The integrator was selected to commission and execute the project following an open tender process instigated by the builder and technical designer and senior events technician Mauricio Salas Zurita in February 2016. “We were able to compete against some well-known companies in the AV sphere because of our expertise in the museum and exhibition space.” Their brief outlined the need to equip the auditorium with media and lighting technology suitable for varied events, and the media infrastructure to allow staff to safely connect displays to different points in the building on the network – all of which had to meet the standards of the building’s patron.

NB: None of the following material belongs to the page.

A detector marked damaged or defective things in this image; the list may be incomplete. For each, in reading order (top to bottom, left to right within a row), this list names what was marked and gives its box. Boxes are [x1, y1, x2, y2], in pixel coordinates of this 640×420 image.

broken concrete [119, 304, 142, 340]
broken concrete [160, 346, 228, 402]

“It was very important to Hasso Plattner, the former SAP founder and the museum founder, to create a digital museum that is modern, innovative and interactive,” adds Schroeder. This is achieved by bringing an element of theatre into the museum space, with an iPad placed on a steele in the auditorium – a didactic tool targeted at digital natives allowing them to engage further with the artwork on the wall by discovering its background information and interpretations. What the user accesses on the iPad can then be seen on the large 4K LED ‘smart’ wall (with a pixel pitch of 1.2mm) in the room. The screen can also serve as a flexible backdrop to different events when hired privately. “Compared to other international museums, we feel the LED wall is particularly special in its cinema quality and how well received it is by visitors of all generations,” says Schroeder.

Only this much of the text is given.